Light a grill. Shuck the corn, leaving on the last thin layer of green husk. Grill the ears over a hot fire, turning them frequently, until charred all over, about 10 minutes. Transfer the ears to a large bowl. Cover with plastic wrap and let steam for about 20 minutes. Unwrap the corn and cut the kernels off the cobs; you should have about 2 cups of kernels.
Preheat the oven to 350°. In a large bowl, whisk together the flour, salt, baking powder, Old Bay and a pinch of cayenne. In a small bowl, beat the egg with the buttermilk and whole milk and pour the mixture over the flour. Add the corn kernels. Using a rubber spatula, stir lightly just until the ingredients are blended.
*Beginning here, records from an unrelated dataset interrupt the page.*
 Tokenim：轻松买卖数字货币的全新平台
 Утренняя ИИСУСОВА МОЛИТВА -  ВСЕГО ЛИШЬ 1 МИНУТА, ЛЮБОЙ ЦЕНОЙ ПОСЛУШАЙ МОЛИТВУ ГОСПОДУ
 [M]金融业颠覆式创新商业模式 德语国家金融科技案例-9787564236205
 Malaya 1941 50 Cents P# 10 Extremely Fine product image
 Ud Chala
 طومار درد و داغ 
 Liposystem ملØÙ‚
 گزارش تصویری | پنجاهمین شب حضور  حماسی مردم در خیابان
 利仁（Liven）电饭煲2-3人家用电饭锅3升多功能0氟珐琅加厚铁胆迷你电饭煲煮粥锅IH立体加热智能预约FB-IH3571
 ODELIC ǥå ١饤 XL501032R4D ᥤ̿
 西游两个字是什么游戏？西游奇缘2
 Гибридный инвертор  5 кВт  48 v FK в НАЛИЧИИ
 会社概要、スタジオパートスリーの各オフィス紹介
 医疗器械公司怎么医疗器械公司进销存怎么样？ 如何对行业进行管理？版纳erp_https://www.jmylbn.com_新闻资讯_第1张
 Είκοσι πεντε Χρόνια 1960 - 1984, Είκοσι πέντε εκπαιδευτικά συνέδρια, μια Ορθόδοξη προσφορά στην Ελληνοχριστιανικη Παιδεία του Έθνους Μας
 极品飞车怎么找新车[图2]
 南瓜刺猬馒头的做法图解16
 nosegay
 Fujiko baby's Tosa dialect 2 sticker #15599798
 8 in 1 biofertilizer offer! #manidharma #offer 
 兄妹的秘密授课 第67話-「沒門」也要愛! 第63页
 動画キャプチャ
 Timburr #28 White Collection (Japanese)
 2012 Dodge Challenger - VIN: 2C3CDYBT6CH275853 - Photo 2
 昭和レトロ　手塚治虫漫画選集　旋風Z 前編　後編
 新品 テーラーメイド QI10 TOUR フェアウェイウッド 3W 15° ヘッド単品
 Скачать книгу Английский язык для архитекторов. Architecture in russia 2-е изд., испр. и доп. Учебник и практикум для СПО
Lightly oil a large cast-iron skillet and set it over moderately high heat. When the skillet is hot, add four 1/4-cup-size dollops of batter, spacing them evenly. Add 1/2 tablespoon of butter to the skillet and tilt to let the butter run under the cakes. Cook the corn cakes until browned on the bottom, about 3 minutes. Turn and cook until lightly browned on the second side, about 1 minute longer. Transfer the corn cakes to a rimmed baking sheet; repeat with the remaining batter and butter. Reheat the corn cakes in the oven for about 3 minutes and serve hot.
The corn can be grilled up to 2 days ahead and refrigerated. The corn cakes can be made early in the day and reheated before serving.